Roberts, William

William Roberts was born in the December quarter of 1913, his birth registered at Hawarden, Flintshire., (Hawarden Vol. 11b Page 373), the first son of Joseph Gibbon & Annie Roberts (nee Stevenson), who had married at Hope Parish Church in 1911, 6 days after the 1911 census, on the 8th April 1911.    Joseph Gibbon Roberts was 31, a bachelor and a Labourer, his address was Hope and his father was Joseph Roberts, Labourer.   Annie Stevenson was also 31 and a spinster, her address was S. James, Wrexham, her father, Simon Stevenson, was a Farmer.   Their witnesses were William F. Maddock and Mary Roberts.

The 1911 census shows Joseph living at Hope Village, Nr.
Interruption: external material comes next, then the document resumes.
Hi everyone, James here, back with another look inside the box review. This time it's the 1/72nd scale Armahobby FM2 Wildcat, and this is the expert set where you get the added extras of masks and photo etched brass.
Mold, Flintshire, living with his widowed mother Sarah Roberts, age 67 and  his sister Mary Roberts, age 33,  single and an Elementary School Teacher.   Joseph Roberts was 31, single and a Labourer at the Brewery.   All had been born in Hope, Flintshire.

Annie Stevenson, before her marriage, on the 1911 census, was living at 36, Cunliffe Street, Wrexham, Denbighshire, in the household of Samuel JONES, his wife Jane and daughter Elsie Carrie JONES, and boarder Henry T. JOHNSTON.   Annie STEVENSON, described as “Help”, age 31, Single and  “General Domestic”, born Baslow.
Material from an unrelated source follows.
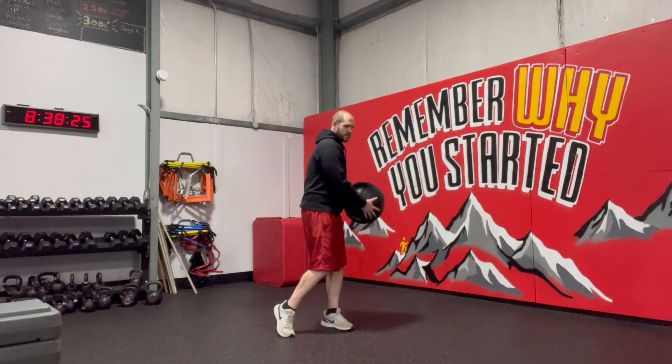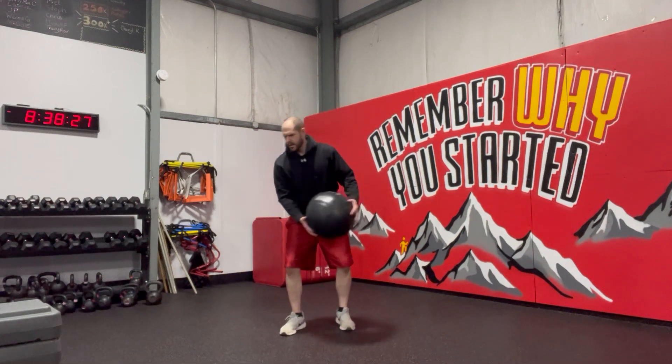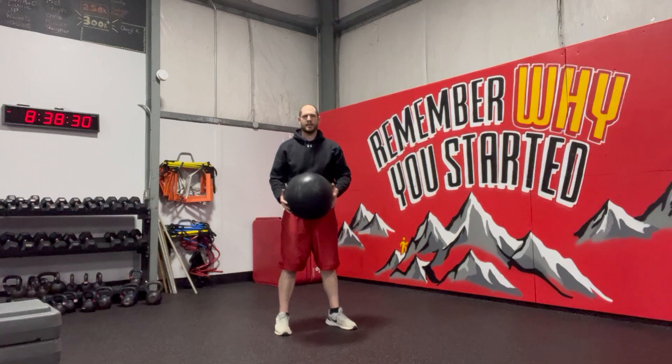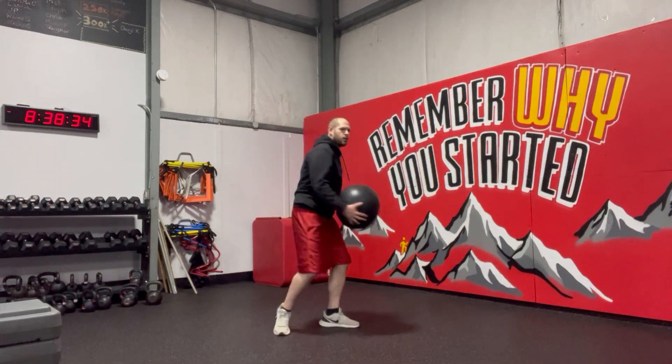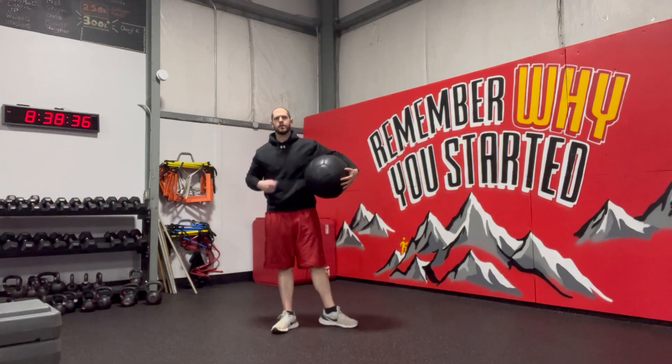I'm going to rotate so the feet are going to move a little bit, then come right back down. Feet are going to move, coming right back down. I want those feet to move so I can get that rotation coming in.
By the 1921 census, taken on the 19th June, 1921, the family were living at Church House, Cymau*, Wrexham.   This gives us the first snap-shot of the family.    Joseph G. Roberts was 41, married and a Miner, his wife, Annie Roberts, was also 41 and doing “Home Duties.”   Mona Roberts, their daughter, was 9 years, 8 months old, their son, Willie Roberts was 7 years, 8 months old and both were at school “Whole Time.”  They had all been born in Hope Parish.   Joseph Harold, their youngest child was 1 month old and had been born in the Parish of LLaffynydd.

* – Cymau

From Wikipedia, the free encyclopedia – Cymau is a small village situated in the community of Llanfynydd, Flintshire on the edge of the mountains of north-east Wales.[1][2] Its name is derived from the Welsh word cymau, an old form of the plural for cwm, “valley” or “hollow”.

The village is located on the side of Hope Mountain, a land feature that can be seen for miles around. Neighbouring villages include Ffrith to the west and Brymbo to the south. The nearest towns are Wrexham to the south-east and Mold towards the north-west.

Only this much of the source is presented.